In the material below, find the line with "Joyeuses Paques Timbre" and the line with "Custom logo Pilates", then output those two lines and every line between them, exactly.
::: THE DATA
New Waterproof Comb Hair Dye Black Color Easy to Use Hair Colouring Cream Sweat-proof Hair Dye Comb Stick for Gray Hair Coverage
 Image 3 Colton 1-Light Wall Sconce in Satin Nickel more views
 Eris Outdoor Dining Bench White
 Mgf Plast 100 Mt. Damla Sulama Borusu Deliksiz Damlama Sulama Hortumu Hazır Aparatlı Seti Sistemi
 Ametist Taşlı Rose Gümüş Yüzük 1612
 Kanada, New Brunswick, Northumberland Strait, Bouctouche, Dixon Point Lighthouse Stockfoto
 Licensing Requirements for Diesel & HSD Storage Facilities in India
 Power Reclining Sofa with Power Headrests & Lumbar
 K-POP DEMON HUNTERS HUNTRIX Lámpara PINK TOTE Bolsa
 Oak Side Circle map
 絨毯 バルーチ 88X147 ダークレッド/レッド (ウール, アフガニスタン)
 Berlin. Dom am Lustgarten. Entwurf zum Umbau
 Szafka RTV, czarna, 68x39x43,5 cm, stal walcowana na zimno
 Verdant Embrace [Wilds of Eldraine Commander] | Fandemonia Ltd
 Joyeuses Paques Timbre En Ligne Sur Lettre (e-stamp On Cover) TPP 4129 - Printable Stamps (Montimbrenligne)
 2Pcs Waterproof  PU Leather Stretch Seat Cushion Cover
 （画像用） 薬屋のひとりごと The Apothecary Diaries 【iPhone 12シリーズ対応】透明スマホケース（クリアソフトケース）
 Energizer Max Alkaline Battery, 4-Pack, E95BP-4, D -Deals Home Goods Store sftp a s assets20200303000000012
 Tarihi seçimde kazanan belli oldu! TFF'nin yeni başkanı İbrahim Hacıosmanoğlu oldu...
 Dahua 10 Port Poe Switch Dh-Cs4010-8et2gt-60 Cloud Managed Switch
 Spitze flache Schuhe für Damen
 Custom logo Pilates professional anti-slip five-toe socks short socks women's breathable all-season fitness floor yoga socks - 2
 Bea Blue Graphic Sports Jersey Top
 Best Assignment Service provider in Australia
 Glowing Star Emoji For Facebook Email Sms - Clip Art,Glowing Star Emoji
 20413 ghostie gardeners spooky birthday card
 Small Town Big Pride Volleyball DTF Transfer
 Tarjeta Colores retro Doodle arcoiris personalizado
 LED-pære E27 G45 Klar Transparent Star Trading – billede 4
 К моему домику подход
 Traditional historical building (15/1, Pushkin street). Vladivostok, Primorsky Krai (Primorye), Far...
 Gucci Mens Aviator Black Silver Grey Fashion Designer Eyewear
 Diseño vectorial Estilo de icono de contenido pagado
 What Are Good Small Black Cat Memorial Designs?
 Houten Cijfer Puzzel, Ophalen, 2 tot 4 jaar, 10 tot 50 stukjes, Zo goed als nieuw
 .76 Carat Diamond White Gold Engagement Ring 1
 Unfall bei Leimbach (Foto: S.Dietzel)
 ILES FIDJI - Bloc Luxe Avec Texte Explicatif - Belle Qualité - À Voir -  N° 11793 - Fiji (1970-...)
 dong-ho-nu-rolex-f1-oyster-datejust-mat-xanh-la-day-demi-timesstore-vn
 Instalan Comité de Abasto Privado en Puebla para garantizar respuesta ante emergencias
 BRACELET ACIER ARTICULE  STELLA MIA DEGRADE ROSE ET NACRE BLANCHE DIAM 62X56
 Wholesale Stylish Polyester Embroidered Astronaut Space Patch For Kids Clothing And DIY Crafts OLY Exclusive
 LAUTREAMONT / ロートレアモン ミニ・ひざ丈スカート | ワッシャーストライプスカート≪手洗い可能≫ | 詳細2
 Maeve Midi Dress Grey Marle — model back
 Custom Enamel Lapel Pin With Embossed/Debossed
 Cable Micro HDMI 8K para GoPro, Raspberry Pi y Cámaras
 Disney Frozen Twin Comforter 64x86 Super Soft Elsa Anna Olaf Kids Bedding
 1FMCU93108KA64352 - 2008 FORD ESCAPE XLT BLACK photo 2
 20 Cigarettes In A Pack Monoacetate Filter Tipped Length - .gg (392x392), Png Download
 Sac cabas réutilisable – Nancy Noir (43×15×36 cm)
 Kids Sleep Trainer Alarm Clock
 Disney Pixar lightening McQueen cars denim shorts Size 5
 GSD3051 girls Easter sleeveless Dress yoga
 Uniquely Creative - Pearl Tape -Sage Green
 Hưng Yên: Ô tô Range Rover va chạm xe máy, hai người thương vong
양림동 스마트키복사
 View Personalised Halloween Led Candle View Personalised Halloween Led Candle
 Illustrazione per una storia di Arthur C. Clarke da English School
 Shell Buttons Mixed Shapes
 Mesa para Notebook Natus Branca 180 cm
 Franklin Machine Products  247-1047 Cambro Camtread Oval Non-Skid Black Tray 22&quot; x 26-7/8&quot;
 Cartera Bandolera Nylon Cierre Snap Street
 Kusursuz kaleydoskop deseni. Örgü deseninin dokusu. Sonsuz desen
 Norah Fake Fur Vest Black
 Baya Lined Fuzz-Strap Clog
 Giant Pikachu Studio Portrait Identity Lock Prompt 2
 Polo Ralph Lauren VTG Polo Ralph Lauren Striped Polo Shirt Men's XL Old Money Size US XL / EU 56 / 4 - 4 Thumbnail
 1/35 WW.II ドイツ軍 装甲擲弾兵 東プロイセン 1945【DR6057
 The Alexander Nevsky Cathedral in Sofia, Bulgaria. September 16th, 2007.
::::::
• WRITTEN ANSWER:
 Joyeuses Paques Timbre En Ligne Sur Lettre (e-stamp On Cover) TPP 4129 - Printable Stamps (Montimbrenligne)
 2Pcs Waterproof  PU Leather Stretch Seat Cushion Cover
 （画像用） 薬屋のひとりごと The Apothecary Diaries 【iPhone 12シリーズ対応】透明スマホケース（クリアソフトケース）
 Energizer Max Alkaline Battery, 4-Pack, E95BP-4, D -Deals Home Goods Store sftp a s assets20200303000000012
 Tarihi seçimde kazanan belli oldu! TFF'nin yeni başkanı İbrahim Hacıosmanoğlu oldu...
 Dahua 10 Port Poe Switch Dh-Cs4010-8et2gt-60 Cloud Managed Switch
 Spitze flache Schuhe für Damen
 Custom logo Pilates professional anti-slip five-toe socks short socks women's breathable all-season fitness floor yoga socks - 2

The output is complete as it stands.